One key challenge online marketers in Africa must navigate involves the growing focus on data privacy among internet users, businesses and regulators, as initiatives by both policymakers and prominent tech companies keep making it harder for businesses to reach and consistently interact with their audiences online. For instance, the EU’s General Data Protection Regulation (among other initiatives) has created new rules protecting internet users’ data rights, and Google has announced the eradication of third party cookies — which gather information about a user’s browsing history and online activities — from Chrome by 2024. With other prominent web browsers, like Apple’s Safari and Mozilla’s Firefox, also progressively discontinuing their support for third-party cookies, businesses worldwide will need to discover new methods for monitoring user activities and delivering tailored communication. African businesses will also be impacted by these shifts, as the impending cookie-less world is expected to disrupt digital marketing channels, making it even more difficult for companies to acquire customers and drive revenue online. 

Given these challenges, it is clear that typical strategies or enterprise solutions for customer engagement will not work — or to put it more conservatively, will soon cease to work — in Africa. To initiate an elaborate customer engagement strategy, it’s necessary for businesses to use widely adopted channels such as USSD and SMS (which facilitate communication without requiring an app or internet connection), and to leverage indigenous methods and enterprise solutions that address the continent’s specific realities. 

Terragon has spent almost a decade building technology capabilities that allow businesses to merge their customers’ online and offline data, digital footprints and activities, in order to gain a better understanding of each customer, their preferences and their propensity for product uptake.
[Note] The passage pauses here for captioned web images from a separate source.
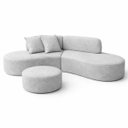 Ver imagem 6 de Sofa Virgínia Curvo em Bouclé Kit com Puff | Conforto e Design Moderno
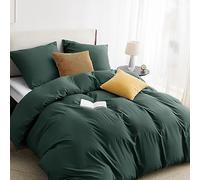 Parure de lit Bedsure 200x220 3 pièces Forêt Vert - 1 housse de couette 200 x 220 cm + 2 taies d'oreiller 80x80 cm, Ensemble de literie Vert Polyester Microfibre avec fermeture éclair OEKO-TEX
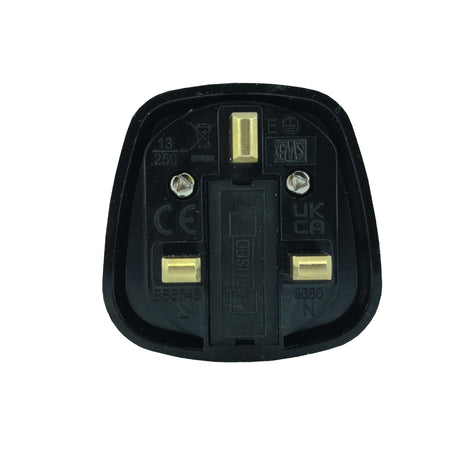 Schuko Euro Plug Socket To 13A 3 PIN UK Plug Adaptor Black 3 PIN Front View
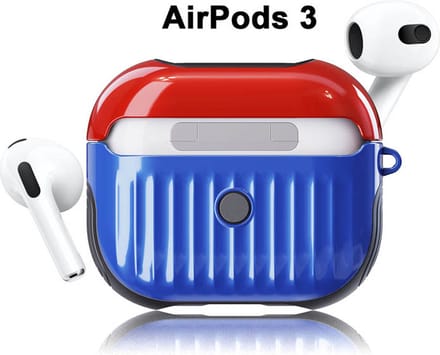 Koffer case cover - Apple Airpods 3 - blauw rood - siliconen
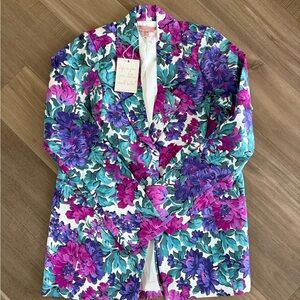 Show Me Your MuMu Floral Blazer - Purple and Teal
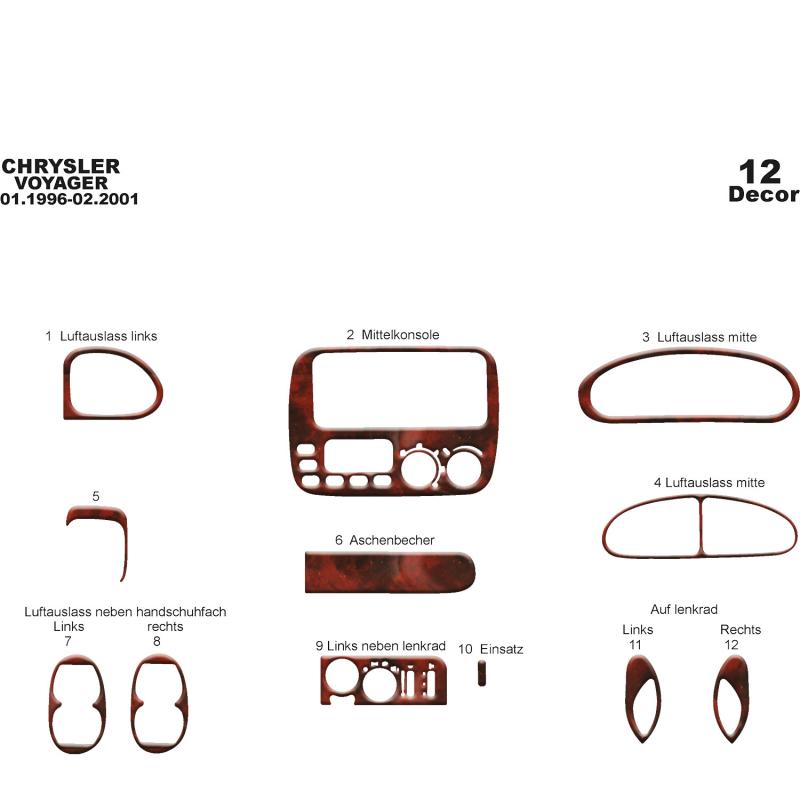 Chrysler Voyager Torpido Kaplama 1996-2001 12 Parça
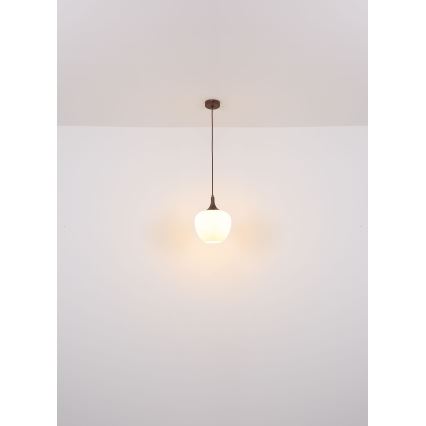 Globo - Candeeiro suspenso 1xE27/60W/230V diâmetro 29 cm branco/castanho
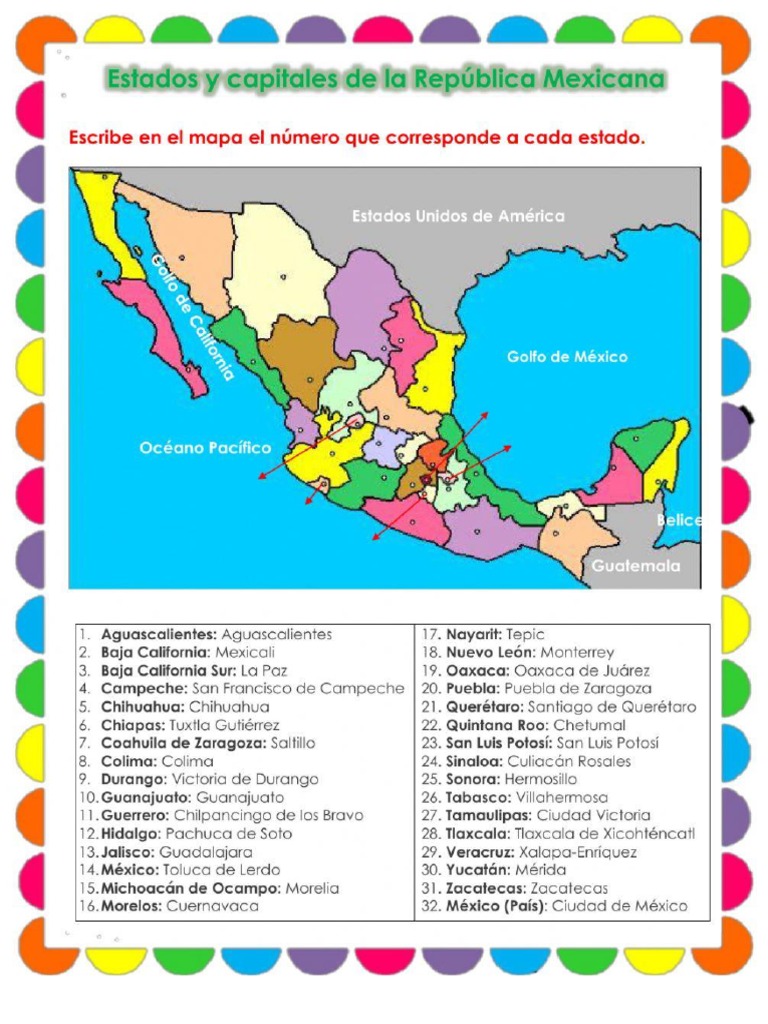 Lista De Estados De Mexico Y Sus Capitales Con Mapas Informacin
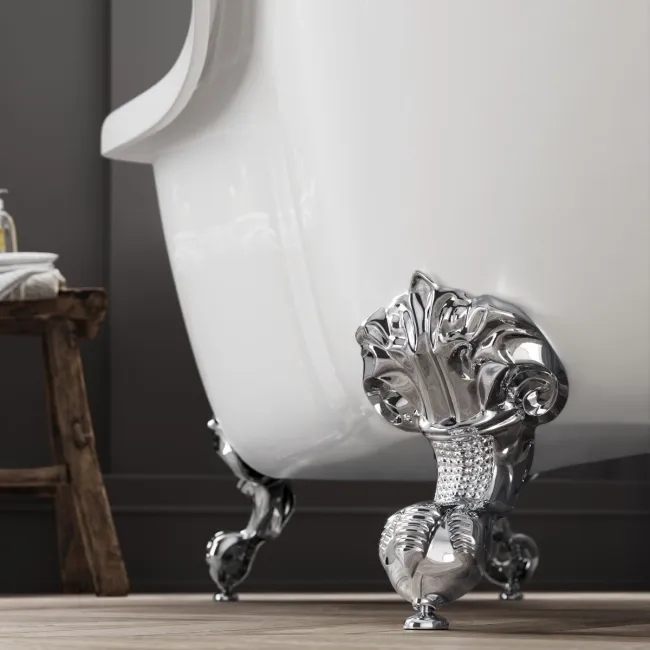 Tonbridge 1750mm Roll Top Bath - Chrome Ball Feet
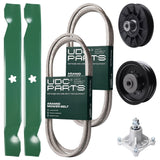 Products -  UDC Parts Mower Kit / Belt 138255 + Belt 194346 + Pulley 532194326 + Pulley 532196104 + Spindle 532174356 + 2 Pack Blades 138497 / Fits Husqvarna LT1597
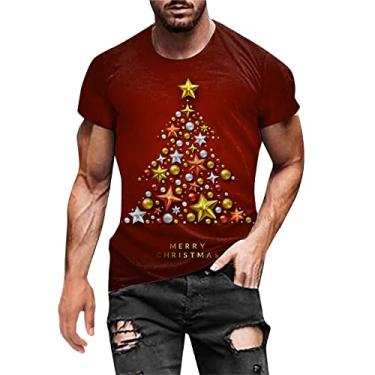 Imagem de Camisa masculina pêssego outono inverno casual manga curta Natal impresso em 3D camisetas moda top meias masculinas tamanho 13-15, Vermelho, P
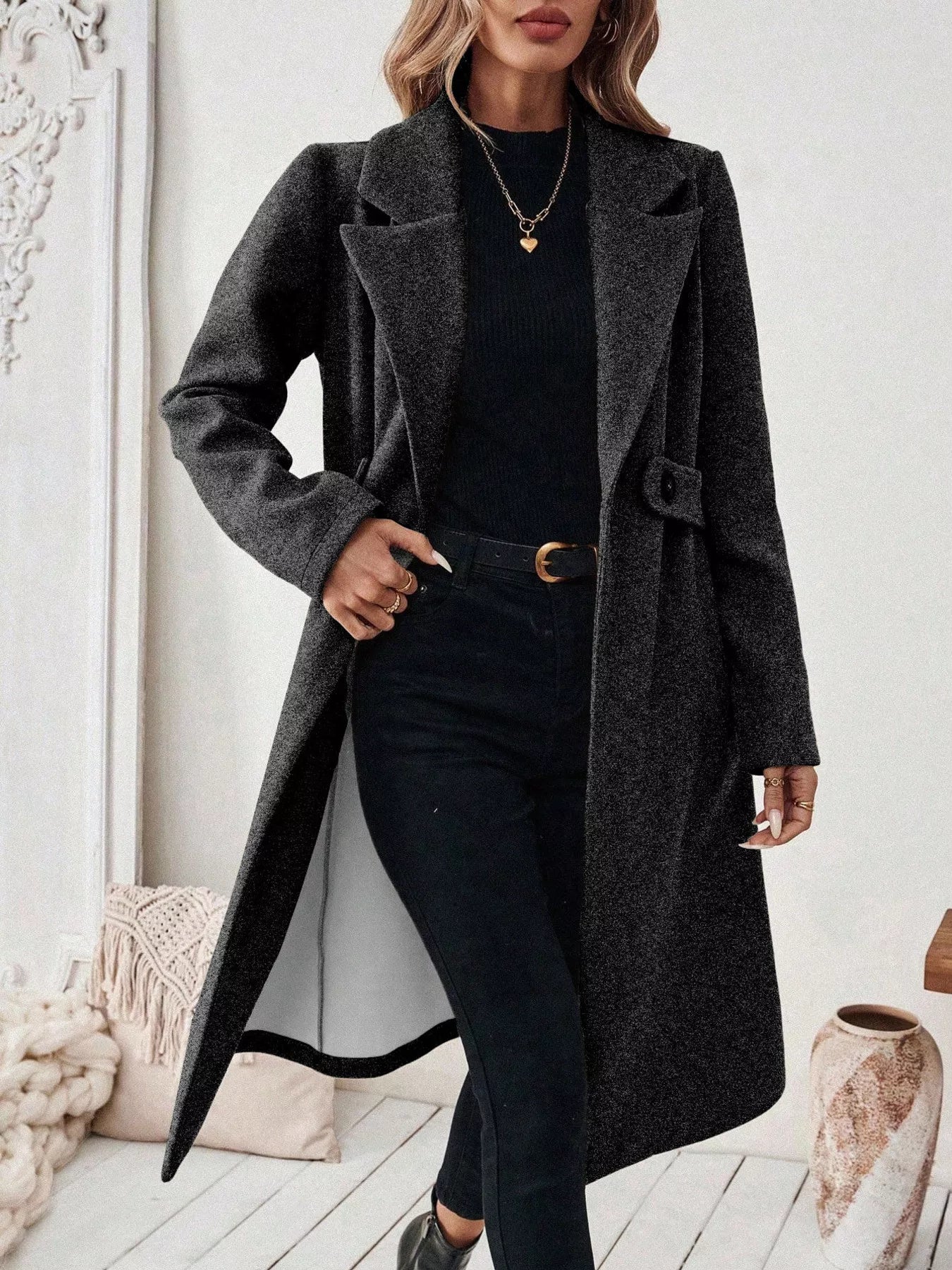 One Button Wool Blend Overcoat OutfitFlow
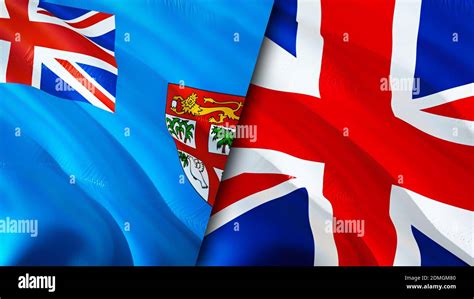 Fiji and United Kingdom flags. 3D Waving flag design. Fiji United ...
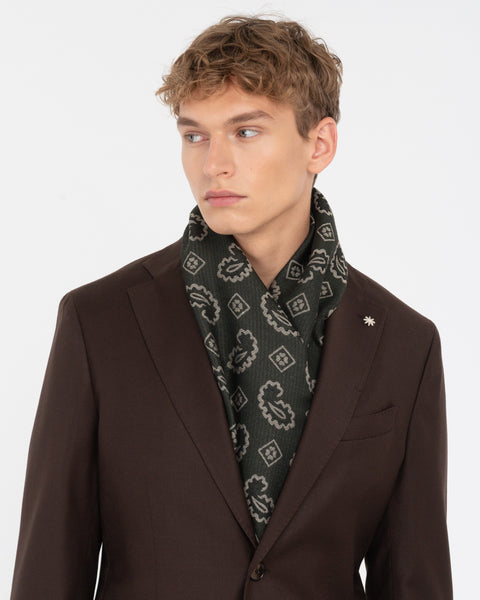 green wool blend jacquard paisley scarf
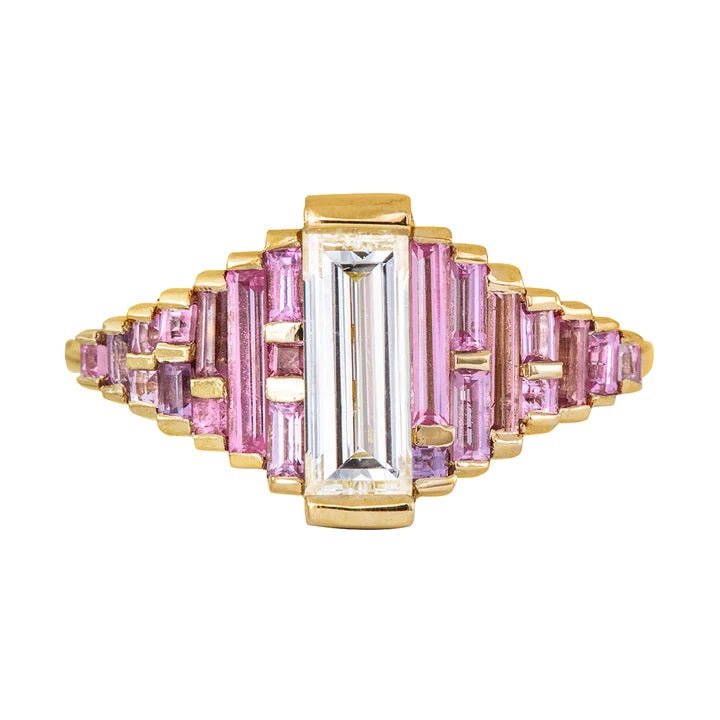 Artemer ORDER ONLY: Baguette Diamond Ring with Lilac Sapphires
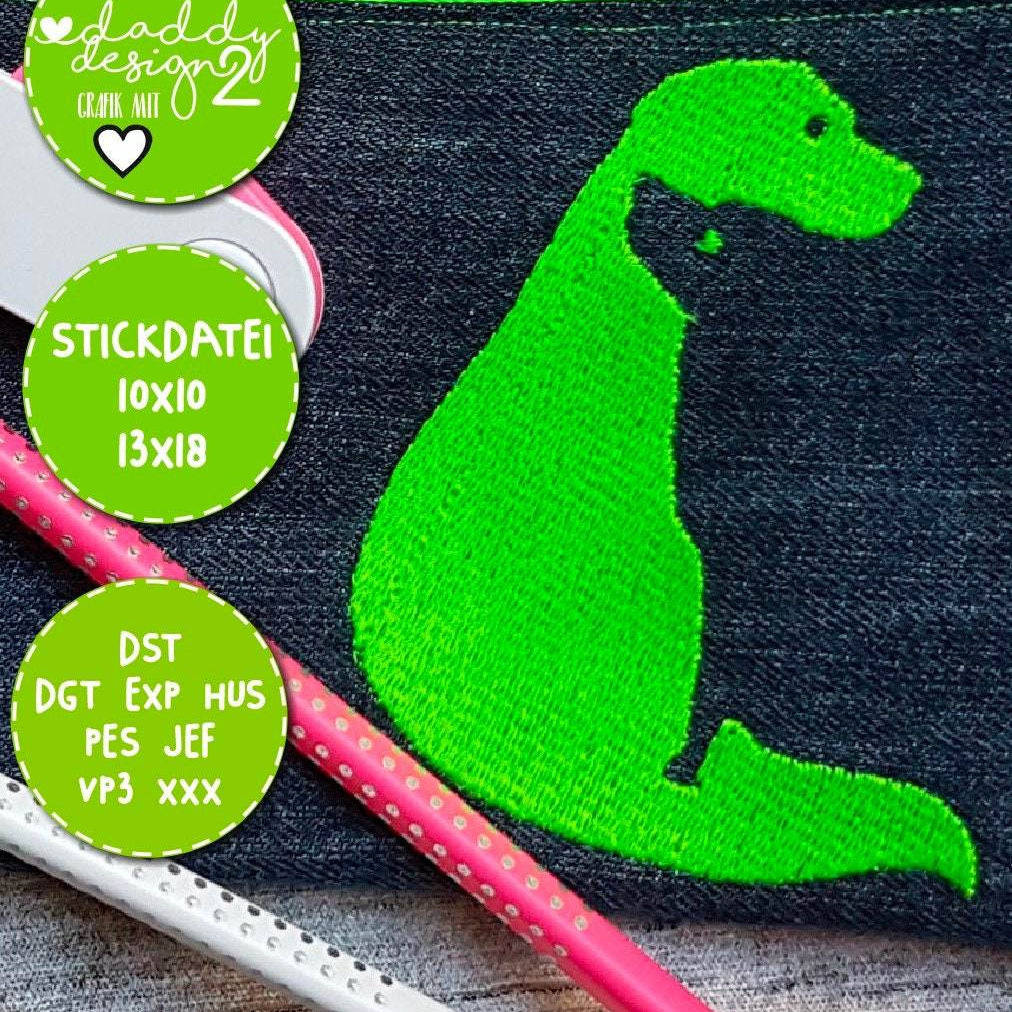 Schatten-Illusions-Stickdatei - Hunde Liebe 1 - 10x10 18x13, Stickdatei - Sewando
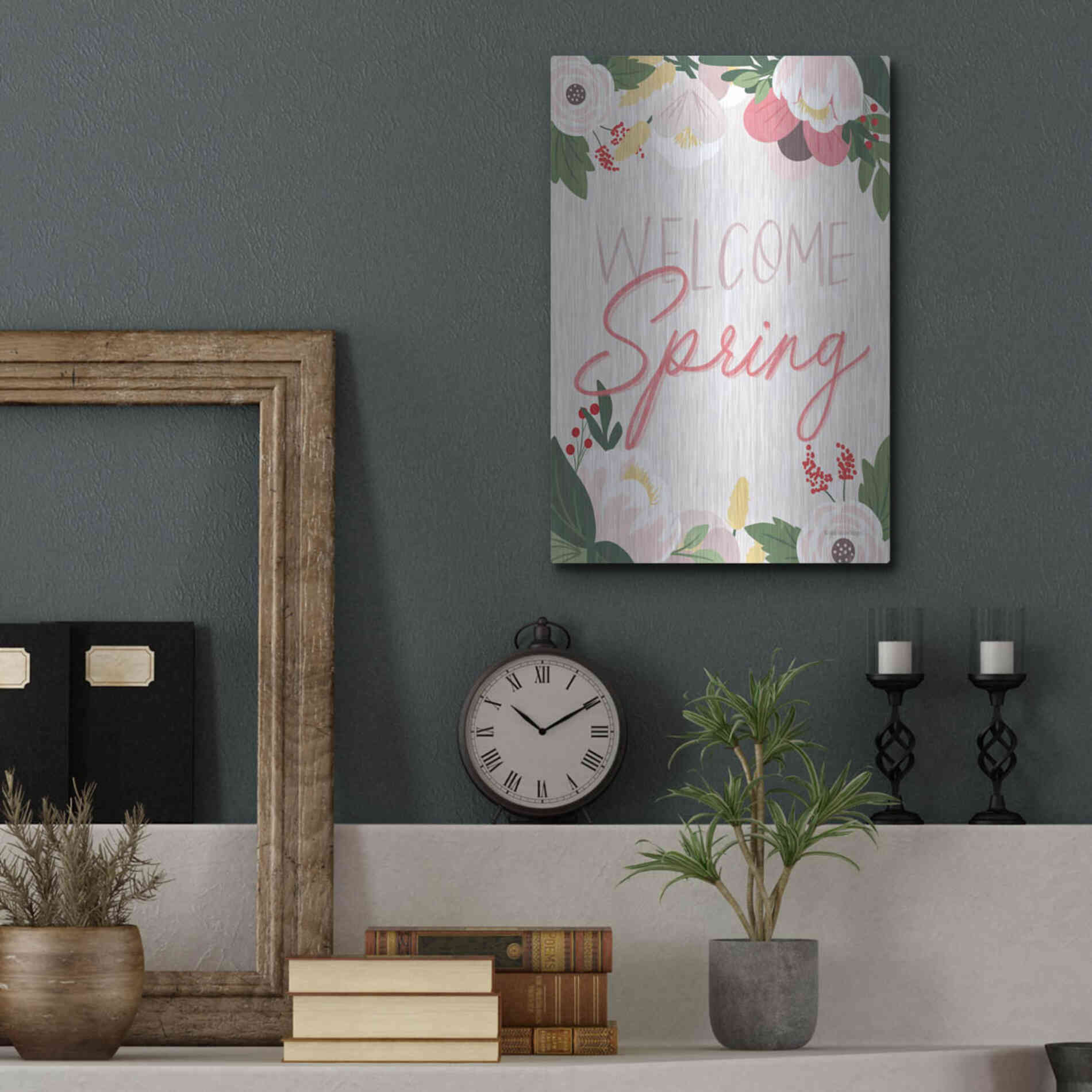 Luxe Metal Art 'Welcome Spring' by Lady Louise Designs, Metal Wall Art,12x16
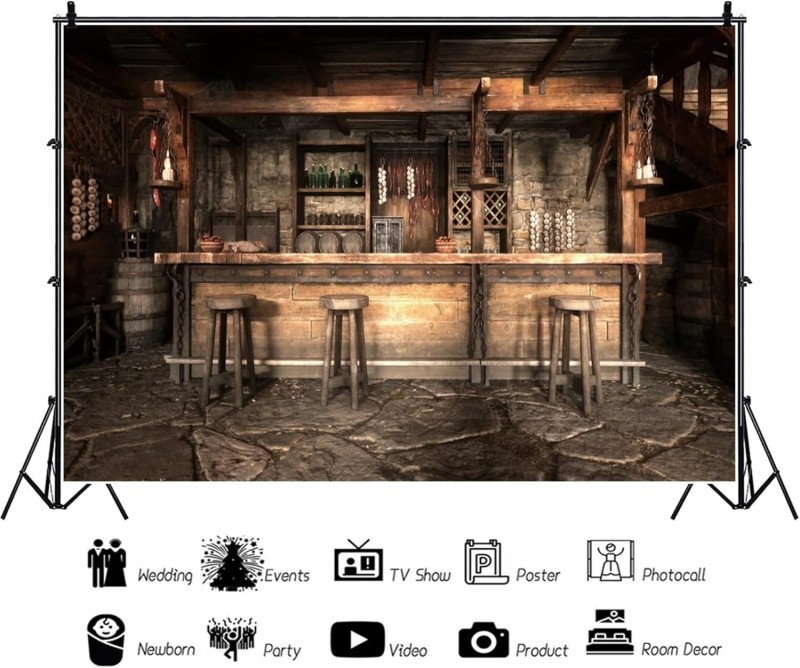 Tavernenbar Hintergrund 3 x 2 m mittelalterlich rustikales Saloon-Interieur Holzhocker Steinboden – 3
This gives businesses the ability to deliver more relevant messaging to their customers, thereby enabling better efficiencies and ROI on marketing spend. 

One of our proprietary technologies, Adrenaline, leverages artificial intelligence and machine learning to accurately segment customers and enable personalised engagement with them through the entire engagement cycle. Through partnerships with leading telcos, we’ve established the platform as Africa’s first telco-data monetisation solution, empowering advertisers to access valuable marketing insights directly from telcos, rather than from the individual phones of customers themselves. By enabling targeted mobile advertising on both web and non-web channels, Adrenaline makes it possible for brands to programmatically reach and engage with 130 million+ customers in the mobile-first African market. This reach goes beyond online channels, which are hindered by the aforementioned challenges, allowing brands that use Adrenaline to engage customers directly through always-on offline channels like SMS, flash messages and USSD. 

Using this approach, the platform is helping businesses market their products and services to consumers via personalised messaging at scale, delivering promotions, order notifications, and information about new products and loyalty programs directly through these channels. Importantly in Africa, this outreach can happen even if customers’ phone data is disabled. Marketers can also use Adrenaline to gain real-time customer feedback through smart surveys, and make use of the platform’s reward engine, which delivers virtual rewards to loyal customers, increasing customer engagement.

 

Reaching African consumers in a shifting online landscape

The future of advertising in Africa, particularly in a cookie-less world, is expected to shift towards more privacy-focused and contextual advertising approaches. Without third-party cookies tracking internet users’ identity and behaviour online, advertisers in Africa and around the world will need to find new ways to deliver targeted ads to their audiences. As eMarketer reported, 60% of U.S. marketers believe they’ll need multiple identity solutions to survive in a post-cookie world, and solutions such as Adrenaline, which uses data from telcos and other sources, are likely to be the answer.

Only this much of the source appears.